SUKA MAKMUE - Dengan adanya revisi peraturan undang-undang dan situasi sosial kemasyarakatan, kewenangan peradilan adat di tingkat gampong dan mukim dinilai mulai merosot. Sebaliknya peran polisi dan pengadilan menjadi lebih besar dalam penyelesaian sengketa di masyarakat.

Hal ini disampaikan Bupati Nagan Raya, Teuku Zulkarnaini dalam sambutannya pada pembukaan pelatihan peradilan adat yang diselenggarakan oleh Majelis Adat Aceh (MAA) setempat, Senin (15/5/2017).

"Keberadaan peradilan adat di tingkat gampong dan mukim mendapat pengakuan bukan hanya di masa kesultanan Aceh, tapi juga di masa kolonial dan usai terbentuk NKRI. Namun kewenangan peradilan adat sudah merosot sejak dan pasca-kolonial Belanda hingga sekarang. Hal ini disebabkan karena revisi undag-undang dan kondisi warga.

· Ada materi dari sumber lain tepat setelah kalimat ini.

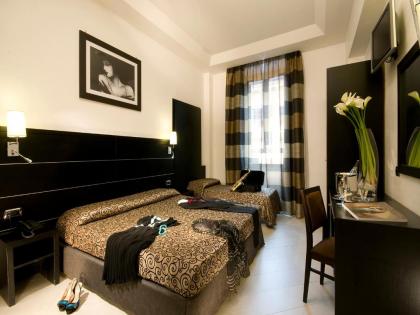 Hotel Sonya - image 19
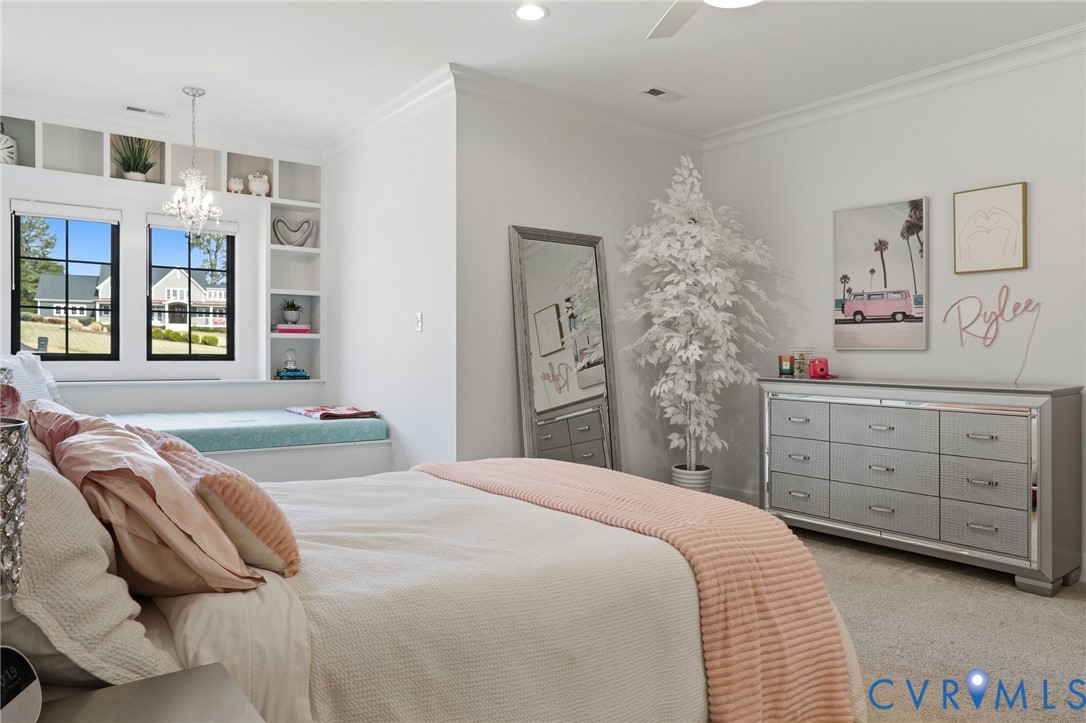 2121 Jockey Ridge Rd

Sementara polisi dan pengadilan lebih punya peran," ungkapnya.

Merosotnya peran gampong dan mukim dalam menyelesaikan sengketa di masyarakat, kata Ampon Bang, sapaan akrab Teuku Zulkarnaini telah menyebabkan wibawa pemerintah gampong dan mukim terpuruk sehingga menumpuknya seluruh perkara di lembaga kepolisian dan pengadilan.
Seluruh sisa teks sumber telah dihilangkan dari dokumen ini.